It is now seven months since direct mutual fund plan were introduced. Using NAV history of HDFC Top 200, I have calculated the actual difference in returns between the regular-plan and direct-plan (growth option) obtained so far (Excel sheet attached).
Let use recall that regular funds will have a higher expense ratio than direct funds. A typical expense ratio breakup can be found here: Should We Switch To Direct Mutual Fund Plans? Calculate and Consider
First let us look at how the difference between direct plan NAV and regular plan NAV looks like as a function of time.
Notice that the NAV difference is a straight line for a good part and then deviates a bit. This is because the difference in expense ratios has decreased a bit. On 25th Jan it was 0.59%. The difference is currently 0.55%
Assuming I have invested some sum on Jan 1st 2013 (I actually did!) I have calculated the internal rate of return on a daily basis using Excels IRR function. I have then calculated the difference in IRR between regular and direct options and converted it to an effective annualized CAGR difference. This is plotted below as a function of time.
This suggests that HDFC Top 200 direct has approximately 0.5% higher (annualized) return than HDFC Top 200 Regular fund (if the regular fund has returned -5% then the direct fund has returned -4.5%!). Thus the difference in return is approximately equal to the difference in expense ratios.
How do we make sense of this? Suppose I say, this 0.5% difference will approximately remain the same whether you invest for 1 year or 10 years, is it good news or bad?
Many people view this as bad news? What! Only 0.5% difference in returns? Why should I bother with direct mutual fund then?

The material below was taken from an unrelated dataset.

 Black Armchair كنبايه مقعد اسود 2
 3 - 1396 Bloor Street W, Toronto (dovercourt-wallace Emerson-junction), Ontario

This result is so counter-intuitive that on another occasion, I heard this ‘what, only 0.5%!?’ response, from an expert who constantly writes on compounding!
The correct statement is, the difference in returns is 0.5% for each year of investment.
If I invest a sum in HDFC Top 200 Regular and Direct:
after 1 year: If the regular fund has a value A, the direct fund will have value (approximately)
- A x (1+0.5%)
after 3 years: If the regular fund has a value B, the direct fund will have a value (approximately)
- B x (1+0.5%) x (1+0.5%) x (1+0.5%) and so on.
In the above I have assumed 0.5% as a constant difference in expense ratios. If this difference is 0.5% in year 1, 0.4% in year 2 and 0.6% in year 3 then we will have:
- B x (1+0.5%) x (1+0.4%) x (1+0.6%)
So if someone has the disciple to stay invested for a long period of time in a ‘good’ fund then can be a significant difference in corpus.
For example, in the above example,
- after 5 years, the direct fund value will be about 2.5% higher than the regular fund.
- after 10 years, the direct fund value will be about 5% higher than the regular fund.
This is an approximate illustration. Use this calculator for a more accurate estimate:
- Impact of MF Expense Ratio Calculator (I will post an updated version soon)
Note: I have also calculated the annualised return (CAGR) on a daily basis using Excels XIRR function. The difference between XIRR for direct and regular funds will also give the annualized return difference directly. This difference is a little higher than the one calculated with IRR.